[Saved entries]
--------
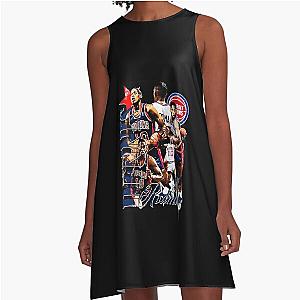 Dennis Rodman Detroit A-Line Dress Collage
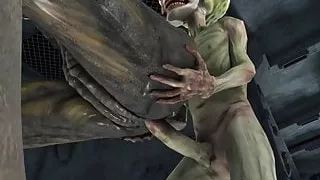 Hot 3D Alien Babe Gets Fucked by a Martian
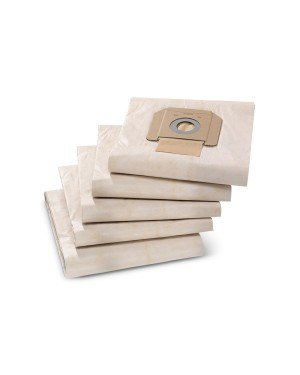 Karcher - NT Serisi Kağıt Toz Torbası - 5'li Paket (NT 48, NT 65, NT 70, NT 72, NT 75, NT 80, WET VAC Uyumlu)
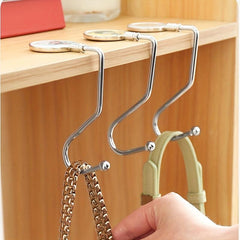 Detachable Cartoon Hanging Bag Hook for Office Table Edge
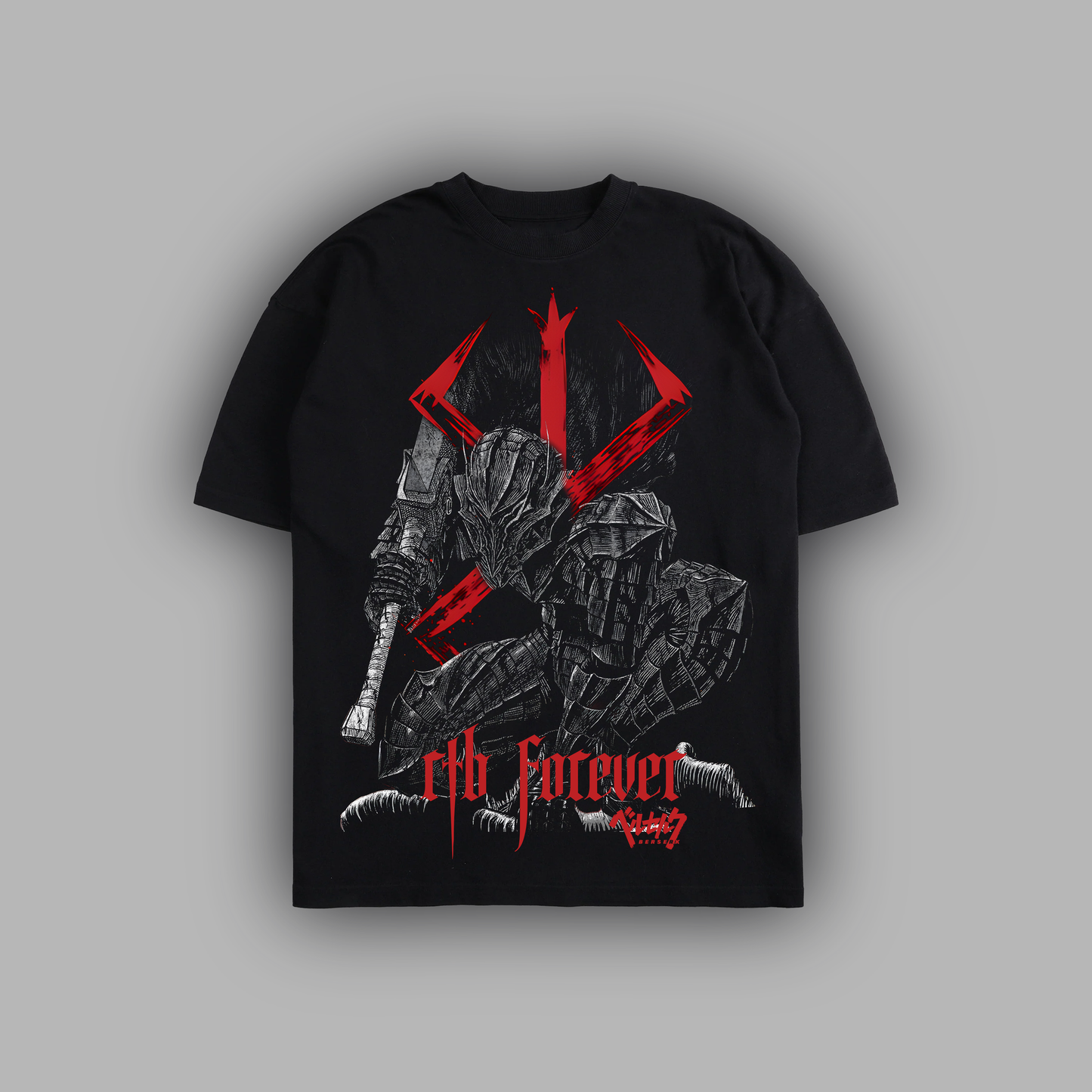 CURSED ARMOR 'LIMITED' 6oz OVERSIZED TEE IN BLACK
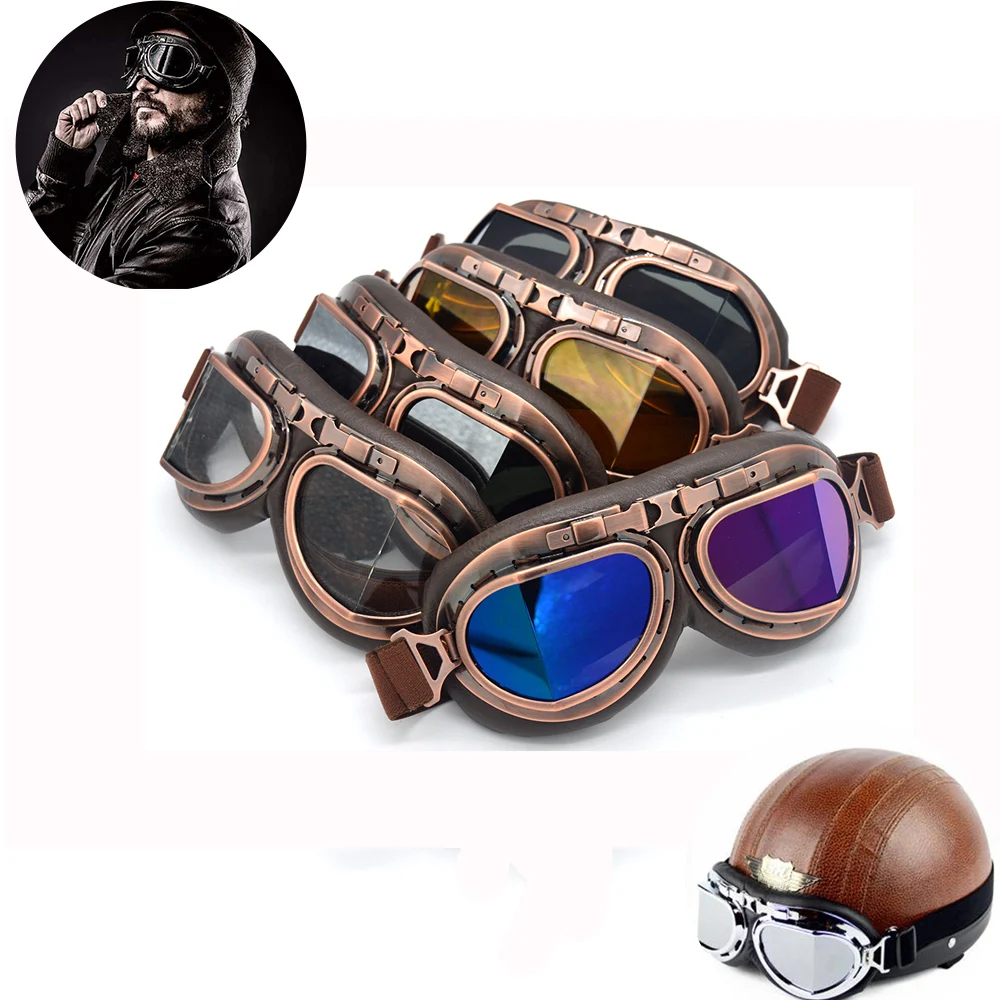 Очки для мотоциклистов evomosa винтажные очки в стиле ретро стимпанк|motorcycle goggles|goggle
--------
[TASK]:
Would you write out all of the records exactly, omitting the pictures?

[SOLUTION BELOW]:
 Dennis Rodman Detroit A-Line Dress Collage
 Hot 3D Alien Babe Gets Fucked by a Martian
 Karcher - NT Serisi Kağıt Toz Torbası - 5'li Paket (NT 48, NT 65, NT 70, NT 72, NT 75, NT 80, WET VAC Uyumlu)
 Detachable Cartoon Hanging Bag Hook for Office Table Edge
 CURSED ARMOR 'LIMITED' 6oz OVERSIZED TEE IN BLACK
 Очки для мотоциклистов evomosa винтажные очки в стиле ретро стимпанк|motorcycle goggles|goggle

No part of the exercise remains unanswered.